By: Andrew Gavin Marshall

“Political language… is designed to make lies sound truthful and murder respectable, and to give an appearance of solidity to pure wind.” – George Orwell, “Politics and the English Language,” 1946

“It’s important, because a lot of people believe this stuff.”  – Bill Clinton, speaking at the Democratic National Convention, 5 September 2012

In case you were unaware, Bill Clinton gave a speech at the Democratic National Convention on the evening of September 5, which, the media tells us, revealed Clinton’s “special gift”[1] to “give a boost to Obama’s middle-class hero image.”[2] The speech has been hailed as Clinton’s “come back,”[3] and a “spirited defense” of Obama..[4] The “rock star,”[5] Bill Clinton, received heaps of praise from celebrities who endorsed his speech, and it’s obviously very important that the public know what Whoopi Goldberg, Chris Rock, and Alicia Silverstone think of the speech, so lucky for us, the media tells us. It was, “fantastic… common sense,” that Clinton was “up there teaching,” and “breaking it down.”[6]

But it’s also important that the public receive more ‘expert’ analysis from political commentators and reporters, so CNN reporter Wolf Blitzer explained that he had been watching Clinton since 1992 when he was CNN’s White House correspondent, and that, “[t]his may have been the best speech I have ever heard Bill Clinton deliver,” while GOP strategist Alex Castellanos proclaimed, “This will be the moment that probably re-elected Barack Obama.” Brit Hume on Fox News (“fair and balanced”) said that Clinton, “is the most talented politician I’ve ever covered and the most charming man I’ve ever met… No one in my view can frame an argument more effectively than he can.” Anderson Cooper shared his wisdom and analysis, explaining that, “[t]he level of detail in the speech was quite surprising… and yet there was a personality.” Chris Matthews on MSNBC chimed in, “I wouldn’t want to be the guy fighting Bill Clinton if the issue is Barack Obama.” But of course, there was some “intelligent criticism” of the speech within the media, so it wasn’t all praise. For example, John King of CNN noted that the speech could “use an editor,” because as various other critics noted, it was “too long.”[7]

So what exactly did Bill Clinton say that was so inspiring and praiseworthy? Well, he went up on stage, and for fifty minutes, successfully achieved the highest degree of hypocrisy possible. His speech could not have been better constructed if it had been written by a public relations firm, itself. And perhaps it was. After all, it’s not that the Clinton’s don’t have a cozy relationship with public relations firms, as Burson-Marsteller, the most prominent PR firm in the United States, ran Hillary Clinton’s failed presidential campaign in 2008.[8] The firm is venerable and highly respected, and has built a very prominent resume of individuals and institutions it has represented, such as Ceausescu in Romania, the Saudi royal family, the Nigerian government when it wanted to discredit claims of genocide during the Biafran war, the Argentine dictatorship which killed roughly 35,000 of its own people, the Indonesian government as it committed genocide in East Timor (ultimately eliminating a third of the entire population while Bill Clinton armed it to do so). Burson-Marsteller also represented Union Carbide following the Bhopal gas leak that killed 15,000 people in India, among other reputable clients.[9]
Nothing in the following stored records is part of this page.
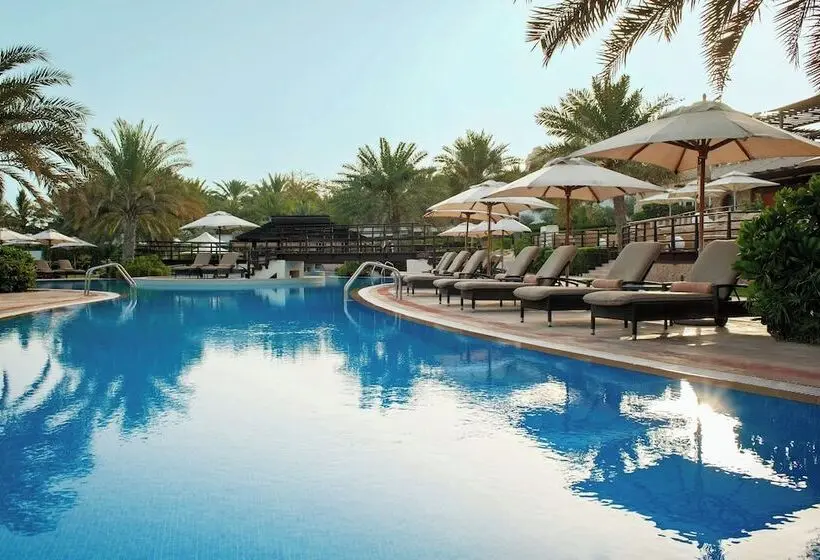 Fotos del hotel The Westin Dubai Mina Seyahi Beach Resort & Marina:  107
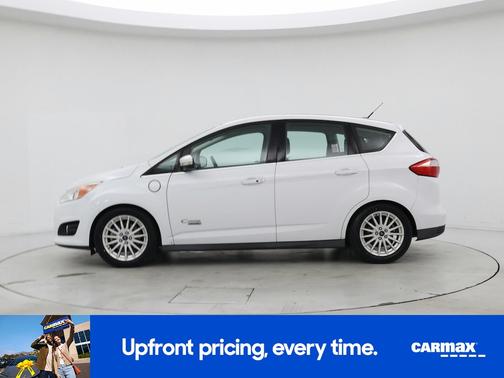 2016 Ford C-Max Energi SEL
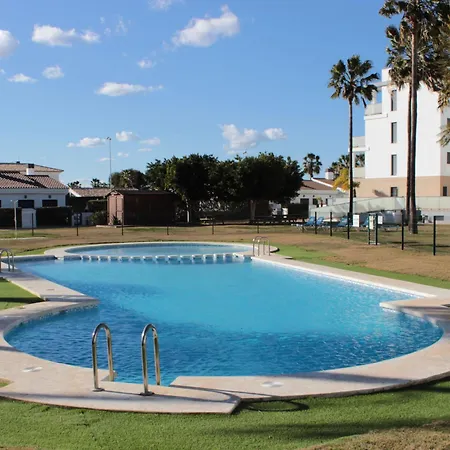 Apartamento Dunas Nova *
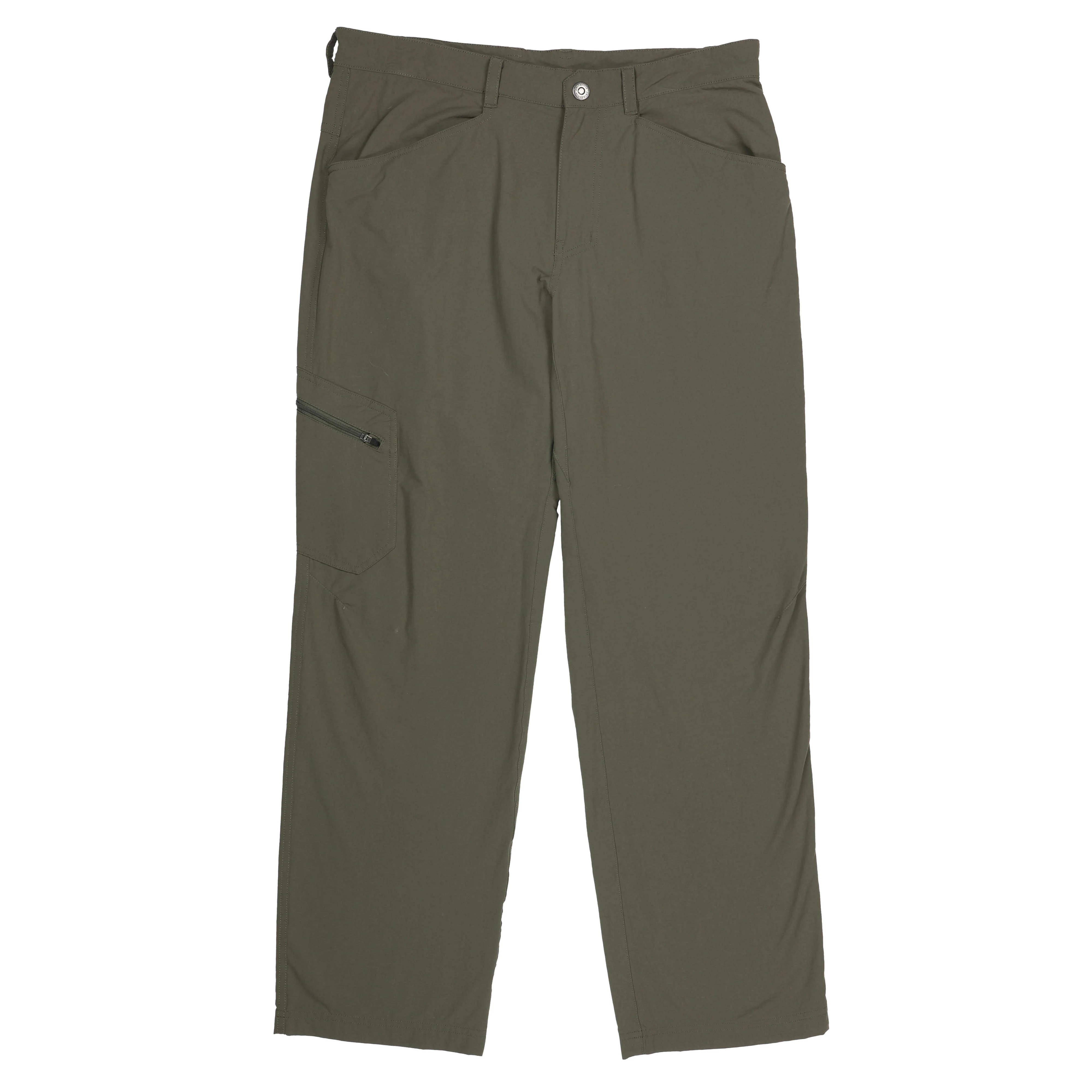 M's Rock Craft Pants - Short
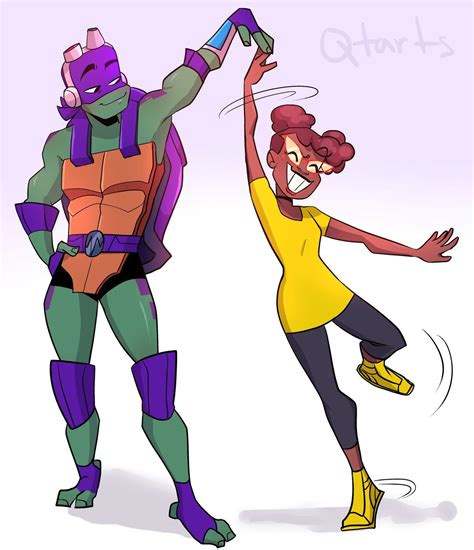 McKenzie Hiltwine On Twitter Tmnt Teenage Ninja Turtles Teenage Mutant Ninja Turtles Artwork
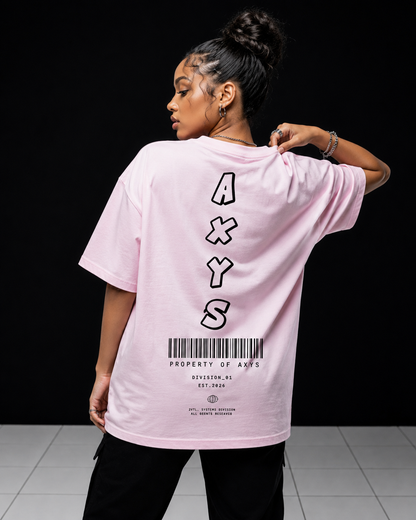 Panda World x Axys Wear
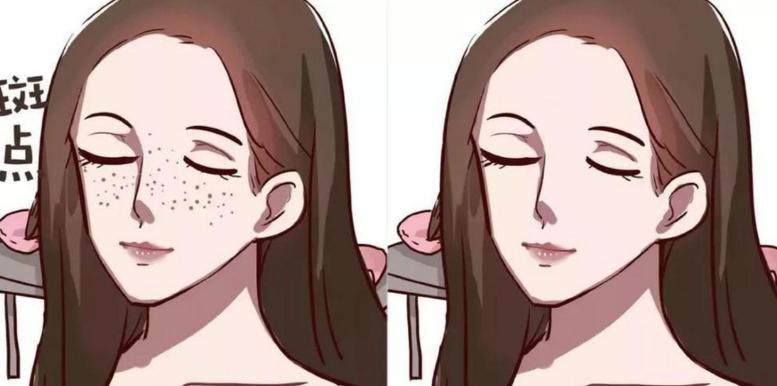 濟南現代皮膚病醫(yī)院胎記專病門診：專注胎記色素診療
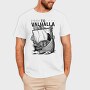 Viking Valhalla, Tricou Barbati (Unisex)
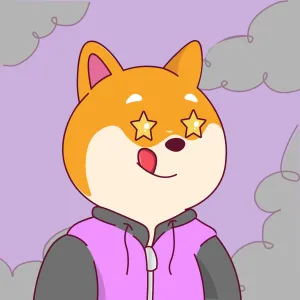 WAX Shiba 0066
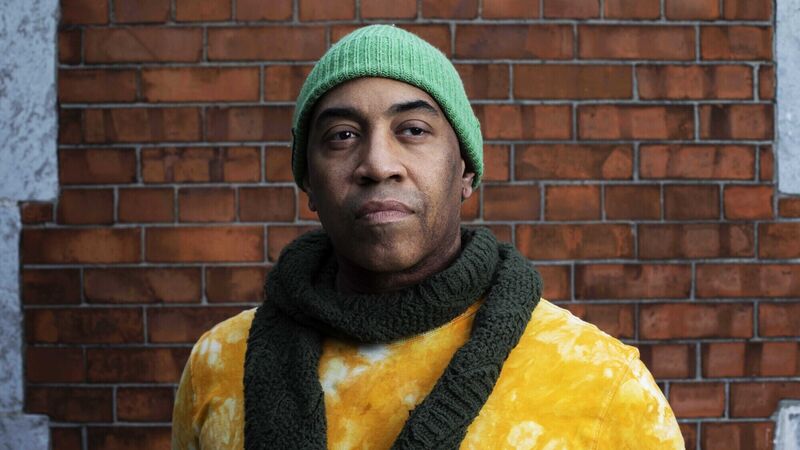 ‘Hamilton’ star in Cork for research on Fredrick Douglass for musical ‘Hamilton’ star in Cork for research on Fredrick Douglass for musical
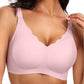 🔥SUMMER HOT SALE -50% OFF 💖Seamless Lightweight & Breathable Push-Up Bra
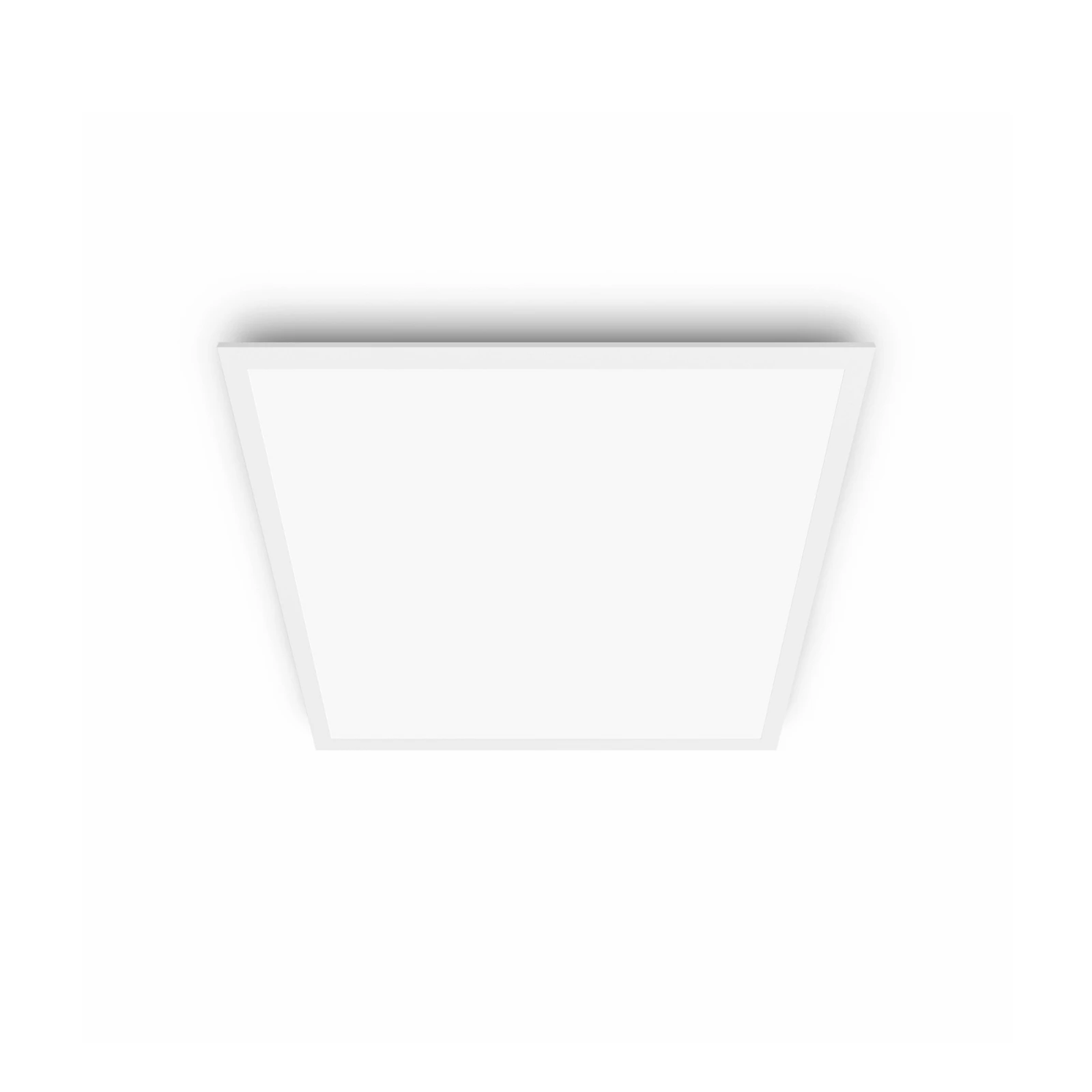 Philips Touch LED-Panel 62,8 x 62,8cm weiß 4.000 K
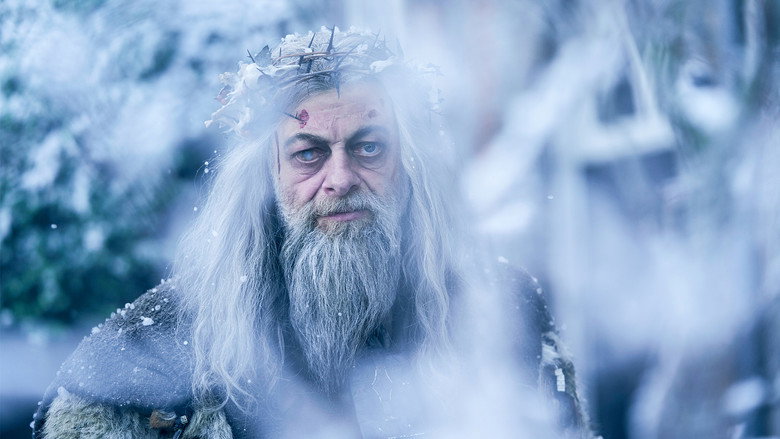 FX's A Christmas Carol still 8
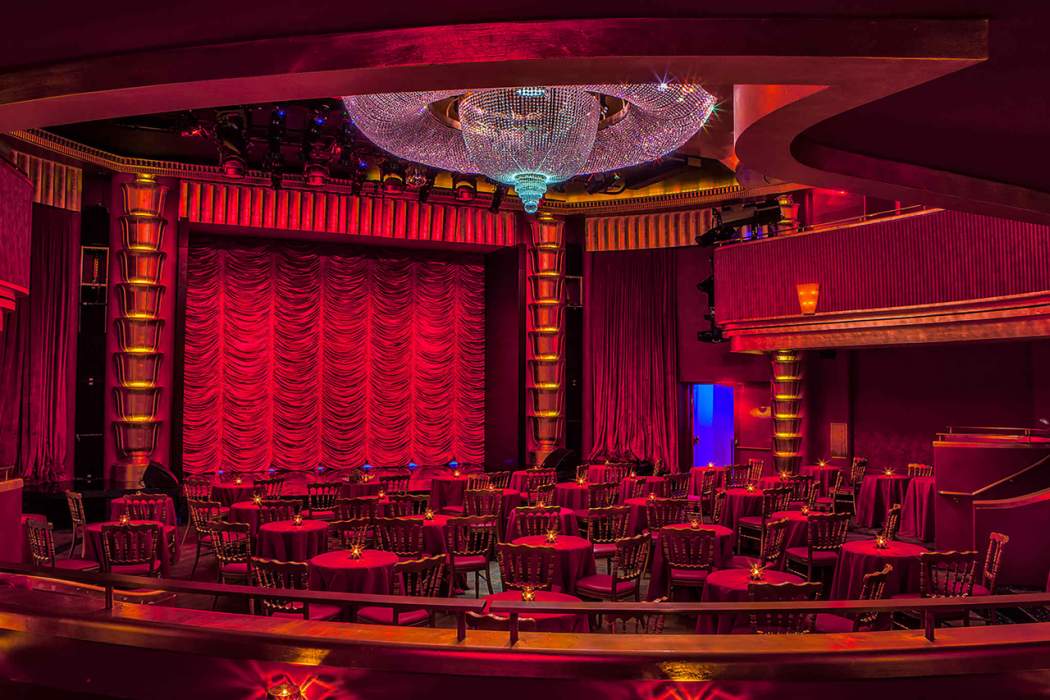 Faena Hotel Miami Beach 33/44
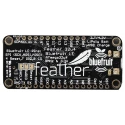 ADAFRUIT INDUSTRIES Feather 32u4 Bluefruit LE MCU Development Board 2829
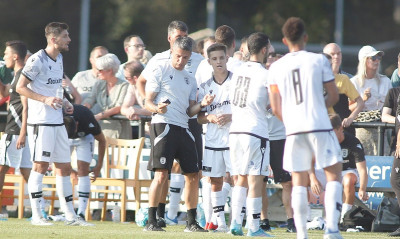 ΠΑΟΚ: Πολλά προβλήματα η Λέφσκι Σόφιας, αποστολή με 16 παίκτες!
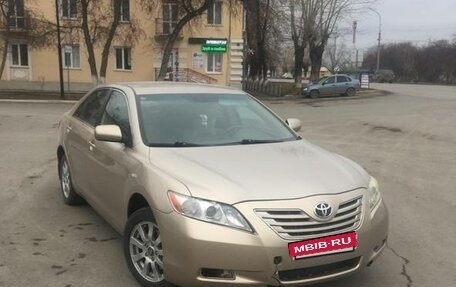 Toyota Camry, 2006 год, 950 000 рублей, 7 фотография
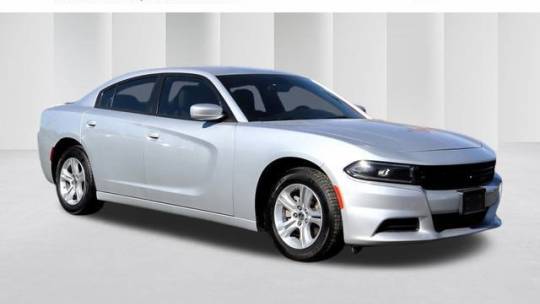 2022 Dodge Charger SXT — Sedan — 40,881 mi — Huntsville, AL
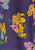 Vintage Clothing - Lurex House Dress - Painted Bird Vintage Boutique & The Aviary - Dresses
Controlling the “Bewildered Herd” of “Ignorant and Meddlesome Outsiders”

I mention the public relations industry, because elections are essentially run by the PR industry, and public relations is the officially-sanctioned term for “propaganda.” It is no small coincidence that the founder of the public relations industry, a man named Edward Bernays, also happened to have literally written the book on Propaganda (1928), in which he wrote, “The conscious and intelligent manipulation of the organized habits and opinions of the masses is an important element in democratic society. Those who manipulate this unseen mechanism of society constitute an invisible government which is the true ruling power of our country.” He added: “it remains a fact that in almost every act of our daily lives, whether in the sphere of politics or business, in our social conduct or our ethical thinking, we are dominated by the relatively small number of persons… who understand the mental processes and social patterns of the masses. It is they who pull the wires which control the public mind, who harness old social forces and contrive new ways to bind and guide the world.” Naturally, explained Bernays, this is merely “a logical result of the way in which our democratic society is organized.”[10]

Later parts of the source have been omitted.